Los trabajadores brasileños -sobre todo de las grandes urbes, donde las distancias para ir al trabajo son mayores- sufren un plus de cansancio y degradación humana al no poder viajar, como en los países desarrollados, con un mínimo de comodidad. Sentados, en autobuses limpios, que se muevan con fluidez en el tráfico, que lleguen y salgan con puntualidad.
He leído en la prensa brasileña que los trabajadores, especialmente de los suburbios distantes del centro, son tratados en los transportes colectivos “peor que ganado”, ya que los dueños de vacas y corderos se preocupan de que los animales no se hieran, no enfermen o incluso que no se mareen al viajar. Son preciosos.
En los autobuses públicos, dado que la gente que en ellos viaja no es propiedad de nadie, a pocos les preocupa, por ejemplo, que los ancianos vayan de pie, que madres con hijos pequeños se vean aplastadas, que el calor les haga a veces desmayarse o que no consigan bajarse al llegar a su parada porque viajan como en una caja de sardinas y ni a empujones consiguen salir.
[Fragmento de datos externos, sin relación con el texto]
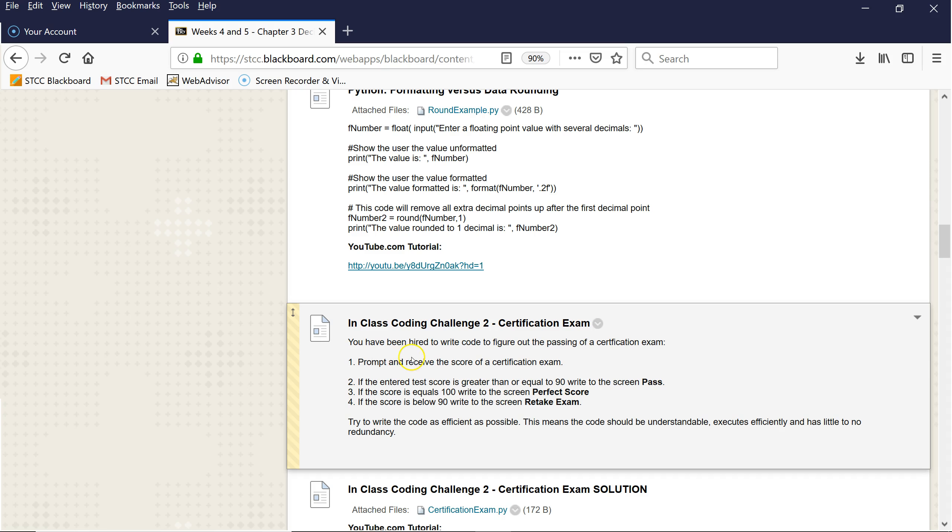Once you've taken the inputted score, you're going to check to see if the score is greater than or equal to 90, and you're going to put out to the screen pass with a print statement. If the score is equal to 100, you're going to also put out to the screen in addition to pass, perfect score. And if the score is below 90, you're going to write to the screen using the print statement retake.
Yo, que viajo con frecuencia en autobús para poder escuchar y observar de cerca a la gente como periodista, he oído de todo, tanto haciendo filas para subir como dentro de ellos: desde el desespero por los atrasos hasta los insultos al conductor por sus frenazos o por no dar tiempo para que los mayores puedan bajarse sin miedo a caerse. He oído hasta decir: “Tendríamos que prenderles fuego a estos autobuses para que los políticos aprendieran de una vez”.

Y no eran marginales los que lo decían. Era gente que iba a trabajar nueve horas y aún tenía que afrontar al acabar, cansados, la vuelta en otros autobuses a veces aún más abarrotados.
¿Será quizás por eso que los ciudadanos no pierden el sueño cuando leen en los periódicos que en una noche han sido quemados 30 autobuses, o cuando los ven arder en las pantallas de la televisión?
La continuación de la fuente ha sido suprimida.